Extracted data section start
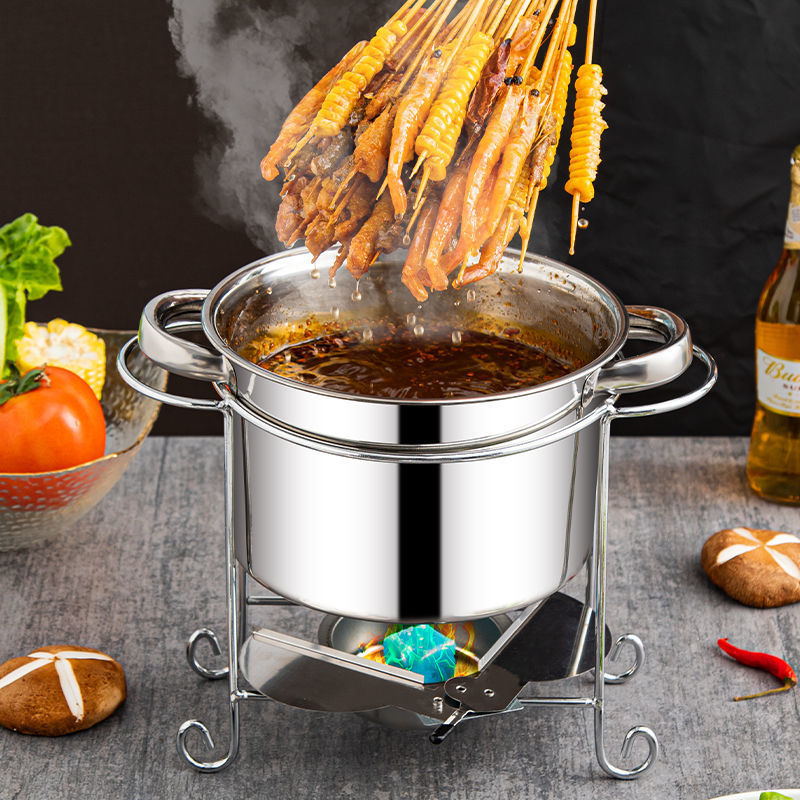 麻辣烫锅涮肚毛肚商用涮串可调火不锈钢电磁炉专用小火锅家用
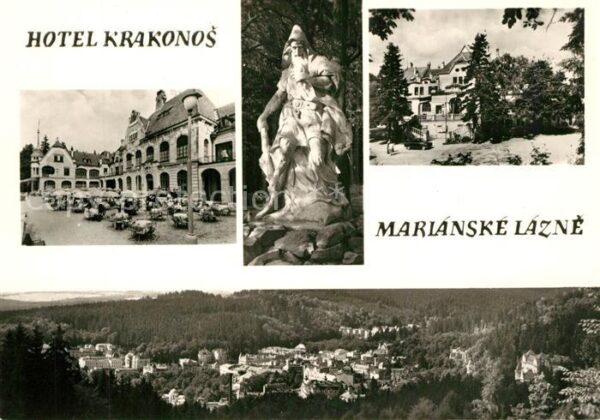 Marianske Lazne Hotel Krakonos Statue Stadtpanorama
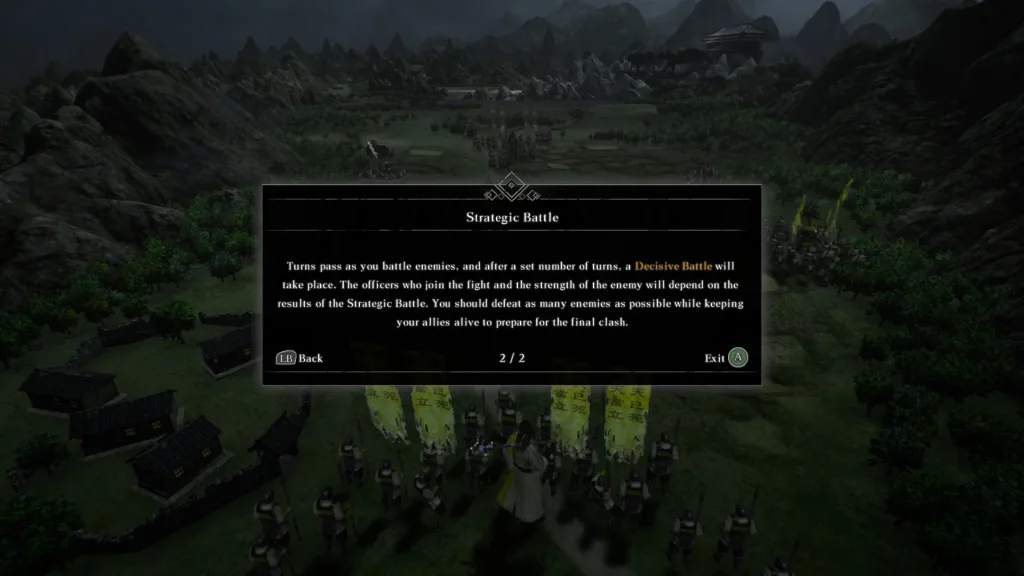 Interfejs Dynasty Warriors: Origins z tekstem "Strategic Battle" i opisem rozgrywki.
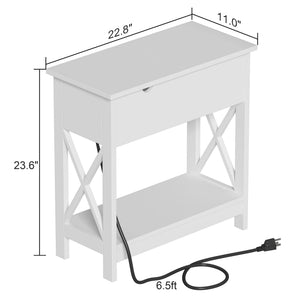 End Table with Charging Station & Flip-Top Drawer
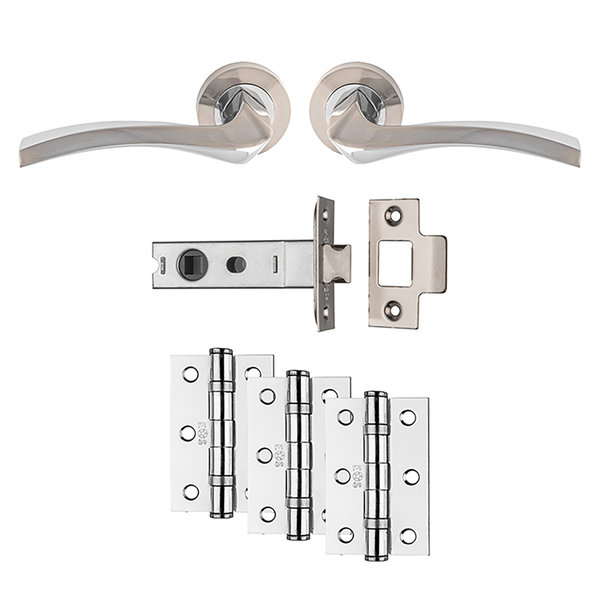 Sines Ultimate Door Handle and Latch Pack Satin Nickel / Polished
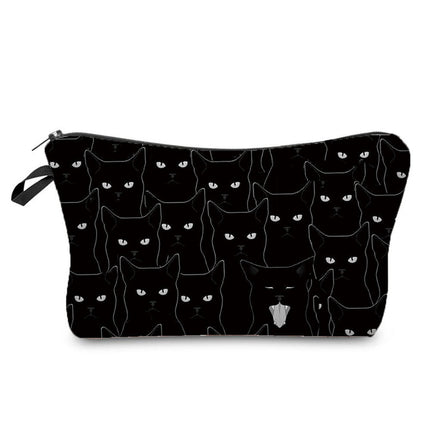 New Black Cat Print Travel Simple Toiletries Bag Women's Cosmetic Bag Travel Portable Zipper Storage Bag Printable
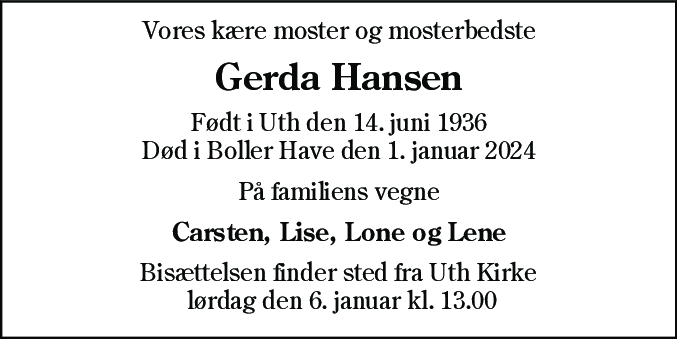 Dødsannonce for Gerda Hansen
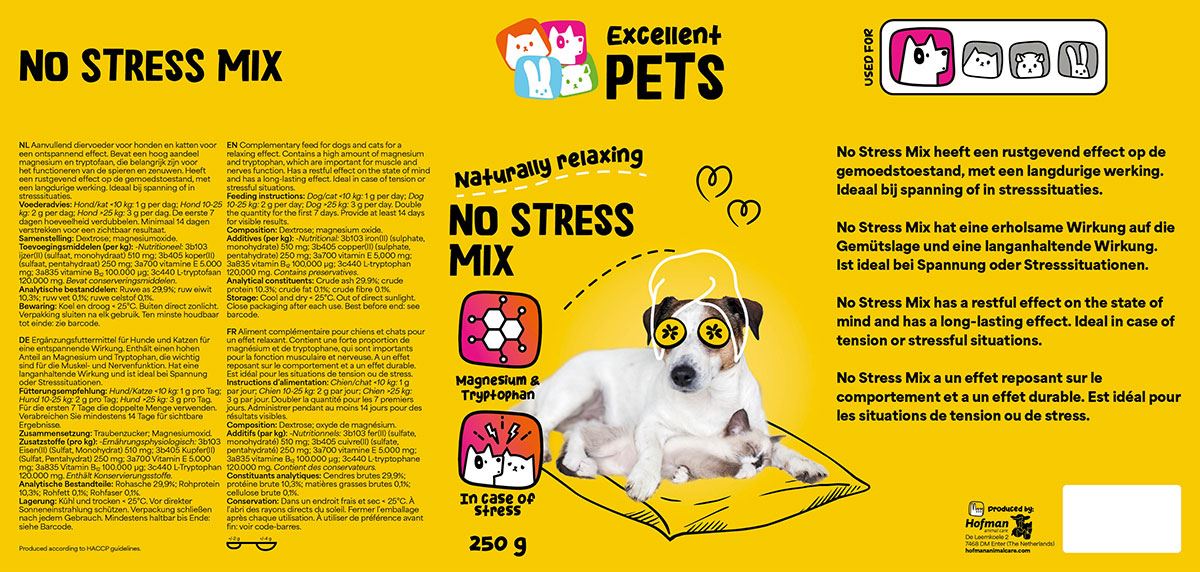 Etiket Excellent Pets No Stress Mix met samenstelling en doseringsinstructies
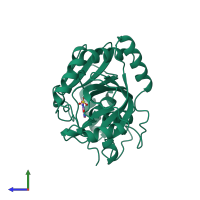 PDB entry 1a9q coloured by chain, side view.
Extracted data section end
All of the entries must be reproduced exactly, apart from the pictures, which are to be dropped.

- Written answer:
 麻辣烫锅涮肚毛肚商用涮串可调火不锈钢电磁炉专用小火锅家用
 Marianske Lazne Hotel Krakonos Statue Stadtpanorama
 Interfejs Dynasty Warriors: Origins z tekstem "Strategic Battle" i opisem rozgrywki.
 End Table with Charging Station & Flip-Top Drawer
 Sines Ultimate Door Handle and Latch Pack Satin Nickel / Polished
 New Black Cat Print Travel Simple Toiletries Bag Women's Cosmetic Bag Travel Portable Zipper Storage Bag Printable
 Dødsannonce for Gerda Hansen
 Etiket Excellent Pets No Stress Mix met samenstelling en doseringsinstructies
 PDB entry 1a9q coloured by chain, side view.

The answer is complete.